AMMAN —
Opposition to the draft bill regulating the investment environment has been
growing since it was sent to the
Lower House for approval last month.
Currently, the House’s Legal Committee is looking into the proposed law but
experts claim that it lacks incentives to attract foreign investors and will not
resolve the bureaucratic problems.
اضافة اعلان
Experts
interviewed by
Jordan News said the proposed draft lacks any inducement
that would encourage entrepreneurial projects and women investors, that some
articles are vague, or even that they may violate the Constitution.
Economist and
industry and investment specialist
Musa Al-Saket told
Jordan News that
the draft law does not live up to expectations and is not up to what the
government was hoping to deliver. He said that an investment law that comes in
these times should boost the outcome of the
Economic Modernization Vision, but
this draft will not achieve the main drivers of the vision, which are to create
a million jobs, attract annual investments worth JD4 billion, and increase
exports.
The vision aims
at boosting economic growth to 5.7 percent annually as a minimum within the
next 10 years.
According to
Saket, one of the main issues investors face is bureaucracy and the lack of
incentives. Yet, “this draft does not contain any incentives nor does it
resolve the challenge of bureaucracy”, he said.
He noted that
abolishing incentives provided to development zones, granted under existing
laws, after seven years will lead to the closure of many entities.
“This is not a
sustainable solution,” Saket said.
“One of the main
issues surrounding this law is that the private sector was not involved in
developing the draft. They were only asked to review it after it was written.

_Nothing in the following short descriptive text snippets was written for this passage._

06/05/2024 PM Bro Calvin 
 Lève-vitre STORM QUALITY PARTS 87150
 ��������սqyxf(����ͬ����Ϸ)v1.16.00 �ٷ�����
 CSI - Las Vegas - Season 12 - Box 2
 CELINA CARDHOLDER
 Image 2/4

So there is no true partnership between the public and private sectors,” Saket
added.
Director General
of the Jordanian Businessmen Association
Tariq Hijazi told
Jordan News that many committees are to be formed in the proposed draft, which will only
increase red tape, adding that the proposed Investment Council has limited
authority and that there should be an incentives committee that offers packages
that favor projects established outside Amman.
“This committee
should come within the Investment Council, not separate from it, so the
investor is not entangled in red tape,” he said.
Hijazi noted that
the draft bill lacks incentives for entrepreneurial projects and women
ventures, stressing that Jordan lost its position as a haven for entrepreneurs.
“Few Economic
Modernization Vision drivers are included in this new law. There are no
incentives for investments in the draft; the whole law draft should be amended.
This draft does not organize the investment environment at all,” Hijazi said.
Lawmaker
Saleh Al-Armouti told
Jordan News that there is massive opposition to this
draft in the Lower House, for many reasons. For one, it enables foreign
investments to overtake local ones.
“There is no
equality and no protection for national industries; this is bound to reflect
negatively on the national economy,” he said.
Armouti also
pointed to some possible violations of the Constitution in the draft law, such
as giving certain authorities to the minister of investment at the expense of
the governorate councils who are responsible for development areas.
“The ministry
should not hijack the powers of municipalities,” he said.
Economic analyst
Mazen Irsheid told
Jordan News that, unfortunately, this draft bill is
not the kind of law that local or foreign investors aspire to see.
He noted that the
way the bill suggests providing incentives to attract investors is “bizarre”,
since it will be done through a ministerial committee looking into each
investment project and providing specific incentives.
“It should not
work this way. There should not be a ministerial committee that decides the
incentives according to each project; there should be a clear list of
incentives written in the proposed law so there is no vagueness or unfairness,”
Irsheid said.
“This committee
can be unfair, or it could discriminate between investors based on personal
relations. In addition, this committee would be bureaucratic,” he added.
Nonetheless,
Irsheid noted that the daft has few positive points, such as observing equality
between local and foreign investors in terms of incentives offered.
“However, there
is high competition in the region from Egypt, Turkey, and the Gulf, so we
should provide better incentives in order to compete,” he added.